Come Saturday, the spheres of pop-culture geekdom will come into alignment. The first Saturday in May is traditionally held as Free Comic Book Day across the country. It's a day in which comic retailers of all types open their doors and promote literacy through — you guessed it — free comic books. And don't be fooled. Information from Scholastic said teachers have observed comic books to not only motivate reluctant readers, but the medium has benefitted comprehension, inference and memory among readers. This year's celebration happens to land on May 4. In recent years, May 4 has been held sacrosanct by sci-fi supporters who recognize it as Star Wars Day (as in May the fourth be with you — and, now you get the joke).
It's a big deal for many a comic book dealer every year, and this year's date is sure to double the day's excitement.
But Free Comic Book Day is a bit of a misnomer. The day doesn't declare each and every back issue in stock to be free of charge for 24 hours. Rather, the comic companies produce specific volumes for the day, which the local stores provide to the public without a price tag. While dozens upon dozens of such special editions will be free to you and me, they will cost the shop something to carry, because they cost the publisher something to print.
And frankly, things aren't too different in the world of the local newspaper. There's a temptation to focus on the free, rather than support the business.

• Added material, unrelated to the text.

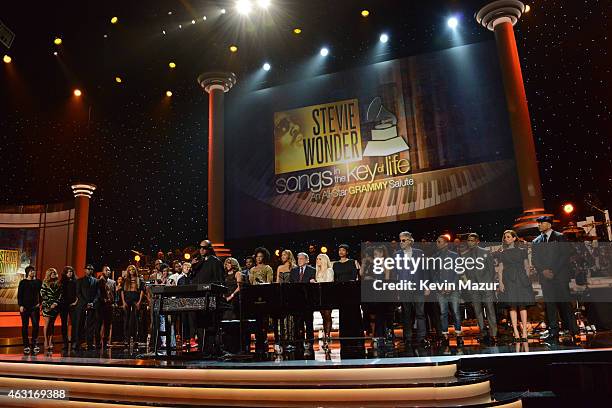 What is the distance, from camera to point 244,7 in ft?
40.3

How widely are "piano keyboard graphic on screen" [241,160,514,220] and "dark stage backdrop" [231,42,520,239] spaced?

Just as some patrons of Free Comic Book Day grab their limit of the complimentary copies and make for the door, some in the public sphere have a tendency to read their (might I note, award-winning) local news, up until they are asked to pay for its production.
The issue changed a bit in the digital age, but the temptation's the same. Gone are the days of the swarthy newspaper stand owner shouting, "Ey! You gotta' pay for dat, mac!" should a patron take a bit too long in scanning page two. Today, we need not look any farther than our own palms for the news. And, if we read through just a few too many articles on our local paper's website, there is a quiet floating box, which kindly croons, "Continue reading with a subscription," as it presents us with a pair of options — subscribe or sign in. Of course, there's the third option — that little red X in the corner — and that's what some choose.
It's obvious we want to read what the reporters have written — otherwise we wouldn't have clicked on the title in the first place. Yet, when prompted to put the quarter in the rusted Butternut Coffee can of the digital newspaper stand, we click the little red X instead and away we walk.
What we may not realize is this.
When we click that little red X, we're saying the time invested by our local reporters in covering the community may not be a service worth paying for. When we click that little red X, we're saying we have to think twice as to whether the price of phone calls to local legislators and community figures are worth hearing what they have to say. When we click that little red X, we're turning around and saying we're only interested in using the paper's website, if the publisher is willing to foot the entire bill for us.
When we click that little red X, we are taking our free comics and leaving the store.
But whereas comic shops hope to drum up support for business by promoting literacy, the very skill their product builds and relies upon, local newspapers hope to drum up support by continually promoting awareness of the community, the very subject of their pages and the very people who read it. The comic book store and the newspaper both die, if we all just wait around each year to grab our handful of freebies and go.
In both cases, we'll be left with nothing, not even the freebies. Not only will there be no one to fill you in on whether or not Superman saved Lois Lane, there will be no one to follow your nephew's team to state. There will be no one to keep your local government accountable. There will be no one to tell you everyone made it out of the building safely before the fire.
If we insist our news be given to us for free, soon there will be no news to give.